Energy Storage in Australia, prepared by Marchment Hill Consulting and released yesterday (January 31), reveals that the amount of commercial electricity storage deployed in Australia by 2030 could total approximately 3,000 MW.
CEC strategic policy manager Tim Sonnreich says that residential energy storage systems won't be far off either.
He predicts that families will rely on the combination of rooftop solar panels and batteries to "say goodbye to electricity bills".
We're not there yet though, and for various reasons. For starters, storage is not yet affordable enough for anyone hoping for a financial return on their investment.
The report reveals that this could soon change. Its most optimistic prediction sees the cost of energy storage halving by 2020. Even a more conservative scenario sees prices falling from $800 to $550 per kilowatt-hour over this period.
Another barrier is summed up in one particularly insightful sentence found in the report: "The financial incentives of electricity distributors are not necessarily aligned with the interests of their customers, in situations where energy storage could be advantageous."
What does that mean? Well, essentially, utilities don't see what's in it for them.

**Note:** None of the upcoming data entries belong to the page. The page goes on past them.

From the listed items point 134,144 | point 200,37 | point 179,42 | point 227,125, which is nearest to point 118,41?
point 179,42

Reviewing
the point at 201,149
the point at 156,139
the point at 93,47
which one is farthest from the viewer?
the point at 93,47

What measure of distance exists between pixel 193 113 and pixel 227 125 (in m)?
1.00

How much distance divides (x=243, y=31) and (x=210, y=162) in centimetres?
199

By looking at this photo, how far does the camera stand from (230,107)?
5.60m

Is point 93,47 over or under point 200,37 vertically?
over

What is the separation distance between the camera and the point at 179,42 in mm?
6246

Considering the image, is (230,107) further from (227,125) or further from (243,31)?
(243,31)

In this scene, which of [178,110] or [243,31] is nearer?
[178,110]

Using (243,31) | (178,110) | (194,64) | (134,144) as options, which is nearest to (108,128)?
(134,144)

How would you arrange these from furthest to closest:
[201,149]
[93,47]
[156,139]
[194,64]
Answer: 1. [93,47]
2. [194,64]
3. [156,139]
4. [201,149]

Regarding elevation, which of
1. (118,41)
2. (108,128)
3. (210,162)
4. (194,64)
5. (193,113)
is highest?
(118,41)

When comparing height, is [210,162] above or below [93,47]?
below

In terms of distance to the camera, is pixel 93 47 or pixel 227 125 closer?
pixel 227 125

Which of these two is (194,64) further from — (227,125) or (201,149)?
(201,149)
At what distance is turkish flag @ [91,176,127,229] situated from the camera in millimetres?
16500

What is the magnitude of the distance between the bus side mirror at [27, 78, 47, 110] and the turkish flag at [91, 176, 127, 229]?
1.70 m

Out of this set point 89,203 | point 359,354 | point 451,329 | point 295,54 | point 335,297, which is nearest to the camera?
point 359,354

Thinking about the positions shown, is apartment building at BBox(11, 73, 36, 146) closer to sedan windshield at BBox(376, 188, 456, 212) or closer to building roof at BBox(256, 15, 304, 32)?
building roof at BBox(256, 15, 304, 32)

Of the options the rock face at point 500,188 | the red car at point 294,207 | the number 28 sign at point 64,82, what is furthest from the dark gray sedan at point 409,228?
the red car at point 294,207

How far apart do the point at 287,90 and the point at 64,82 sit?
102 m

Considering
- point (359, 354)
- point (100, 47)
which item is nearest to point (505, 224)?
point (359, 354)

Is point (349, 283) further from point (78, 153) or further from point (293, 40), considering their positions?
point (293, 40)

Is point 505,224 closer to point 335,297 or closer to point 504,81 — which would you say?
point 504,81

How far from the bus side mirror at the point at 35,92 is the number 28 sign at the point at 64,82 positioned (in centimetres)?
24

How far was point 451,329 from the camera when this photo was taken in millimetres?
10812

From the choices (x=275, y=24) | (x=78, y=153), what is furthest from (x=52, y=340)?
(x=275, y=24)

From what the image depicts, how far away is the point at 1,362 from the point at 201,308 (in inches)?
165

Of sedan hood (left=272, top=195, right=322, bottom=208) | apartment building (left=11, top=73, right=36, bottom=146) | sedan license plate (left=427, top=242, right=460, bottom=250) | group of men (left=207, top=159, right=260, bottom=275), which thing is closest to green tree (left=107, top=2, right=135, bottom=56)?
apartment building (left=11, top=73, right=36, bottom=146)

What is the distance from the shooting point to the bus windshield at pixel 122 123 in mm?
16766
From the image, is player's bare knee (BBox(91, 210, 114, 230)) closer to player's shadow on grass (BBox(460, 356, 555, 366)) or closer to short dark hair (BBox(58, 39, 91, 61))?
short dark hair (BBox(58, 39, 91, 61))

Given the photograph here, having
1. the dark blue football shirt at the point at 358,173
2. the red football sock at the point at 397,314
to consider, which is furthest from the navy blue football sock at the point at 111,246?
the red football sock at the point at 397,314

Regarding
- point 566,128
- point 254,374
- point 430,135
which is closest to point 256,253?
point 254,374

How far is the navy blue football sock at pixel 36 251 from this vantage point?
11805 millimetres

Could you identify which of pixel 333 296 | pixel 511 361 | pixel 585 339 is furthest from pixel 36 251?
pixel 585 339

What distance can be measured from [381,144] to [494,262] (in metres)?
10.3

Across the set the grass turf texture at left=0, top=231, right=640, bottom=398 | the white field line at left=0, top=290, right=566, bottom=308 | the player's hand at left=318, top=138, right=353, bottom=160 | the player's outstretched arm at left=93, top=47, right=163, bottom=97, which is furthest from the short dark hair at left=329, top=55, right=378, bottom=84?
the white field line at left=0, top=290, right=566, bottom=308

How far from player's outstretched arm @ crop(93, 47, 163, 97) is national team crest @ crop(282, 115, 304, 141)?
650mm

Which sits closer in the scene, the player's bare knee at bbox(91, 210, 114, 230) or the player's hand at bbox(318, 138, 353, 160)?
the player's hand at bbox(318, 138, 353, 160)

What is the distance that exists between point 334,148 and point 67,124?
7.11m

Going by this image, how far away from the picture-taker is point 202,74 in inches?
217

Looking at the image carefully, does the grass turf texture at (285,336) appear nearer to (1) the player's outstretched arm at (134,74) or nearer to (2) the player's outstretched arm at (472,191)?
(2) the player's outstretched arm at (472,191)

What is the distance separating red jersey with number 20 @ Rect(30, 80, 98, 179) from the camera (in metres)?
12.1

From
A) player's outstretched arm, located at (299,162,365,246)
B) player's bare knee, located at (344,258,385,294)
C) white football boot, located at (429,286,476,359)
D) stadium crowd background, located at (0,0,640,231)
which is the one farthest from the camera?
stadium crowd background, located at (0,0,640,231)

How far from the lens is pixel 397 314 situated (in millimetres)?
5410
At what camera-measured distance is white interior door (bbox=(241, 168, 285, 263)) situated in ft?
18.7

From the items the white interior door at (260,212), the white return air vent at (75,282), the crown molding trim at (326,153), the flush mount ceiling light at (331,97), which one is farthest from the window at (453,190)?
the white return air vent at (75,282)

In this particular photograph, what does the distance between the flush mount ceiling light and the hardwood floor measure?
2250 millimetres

The report says that the electricity industry is structured in such a way that no single party stands to capture all the benefits of storage.
As the value that energy storage provides "cannot easily be captured by the party that incurs their costs", it is predicted that under-investment in the technology will be a consequence.
Mr Sonnreich says it will take time for these and other issues to be sorted out, but momentum is already building for this promising technology.
"Australia's electricity system is only able to store very modest amounts of power, but this is already beginning to change," said Mr Sonnreich in a statement.
He notes that electricity storage is already being implemented where it is most economical to do so - in remote areas.
In these places, he says that storage and solar power systems work in tandem to save hundreds of thousands of litres of diesel. That's the sort of thing that makes a dent in the fuel bill.